- Radius’ 2016 B2B Demand Generation Benchmark Study survey found that predictive analytics made a difference for B2B demand generation.
- Respondents who applied predictive analytics to demand gen met objectives 55% of the time compared to 30% for B2B marketers not using analytics.
- "The marketing role is, now, more than ever, that of a revenue driver. Marketers are increasingly tasked with helping sales improve close rates," Katie Gregorio, senior director product marketing at Radius, said in a statement.
"The research explored what makes a demand generation process effective. Interestingly, four of the top five barriers to achieving revenue objectives are associated with the top of the funnel. As a result, marketers who focus on data accuracy and use predictive marketing typically have a more effective demand generation process," Gregorio explained.
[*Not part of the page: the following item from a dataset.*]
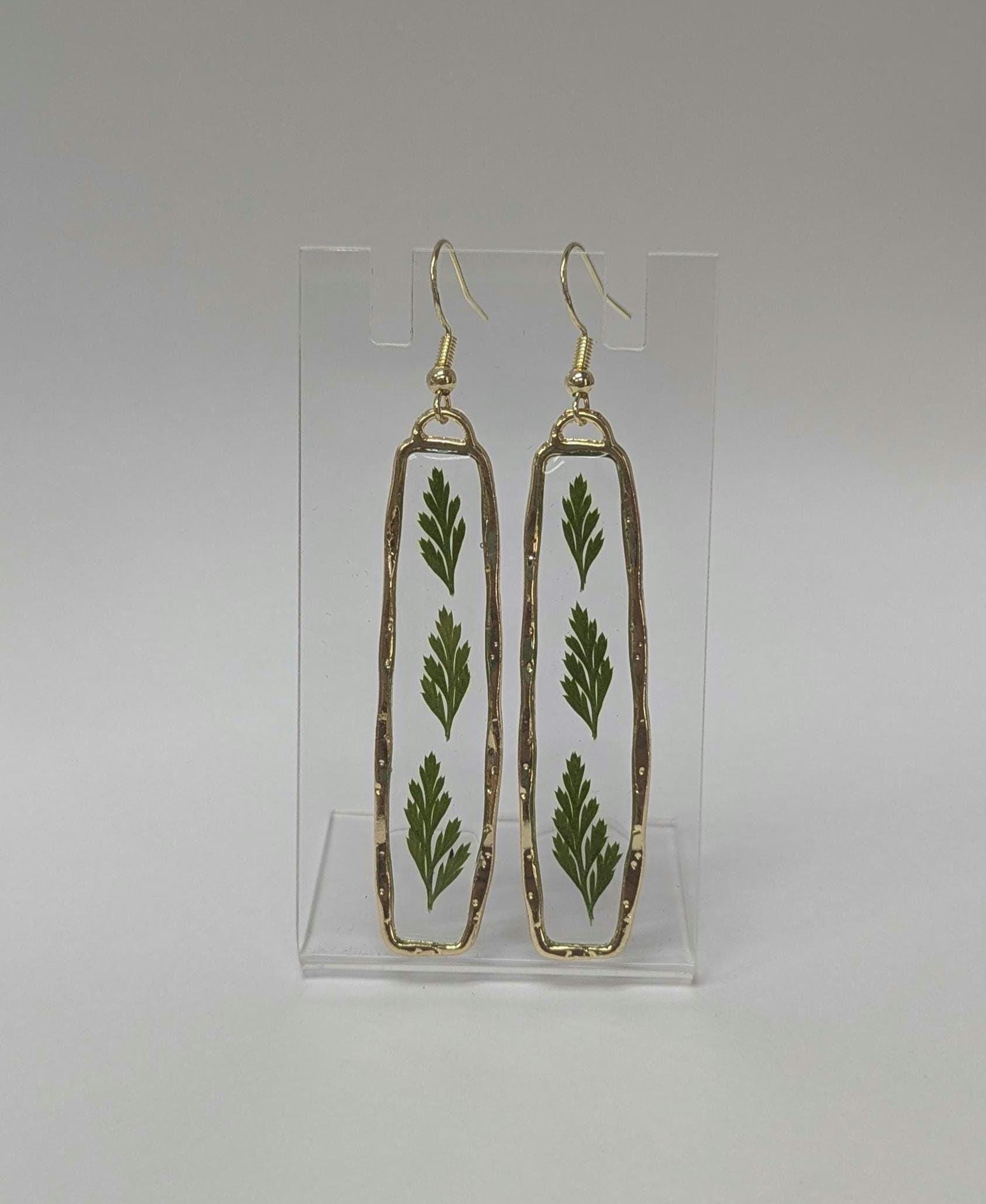 3 Fern Leaves Resin Earrings.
Not surprisingly, the report also found that data was key to demand gen success with 80% of marketers reporting “ineffective” demand gen processes also reporting that data quality had a moderate to significant impact on marketing campaigns or sales efforts. The study revealed a divide in predictive analytics in that 44% of respondents reported understanding predictive analytics well, but only 11% reported actually implementing or using the data parsing process.
Demand, or lead, generation is a major activity and KPI for B2B marketing. It has shifted from a numbers game of sheer quantity of leads generated to a more nuanced idea of generating higher quality leads basically tracking the advent of digital marketing. Given these results from Radius’ survey, marketers and sales teams alike should welcome data and predictive analytics into demand generation campaigns.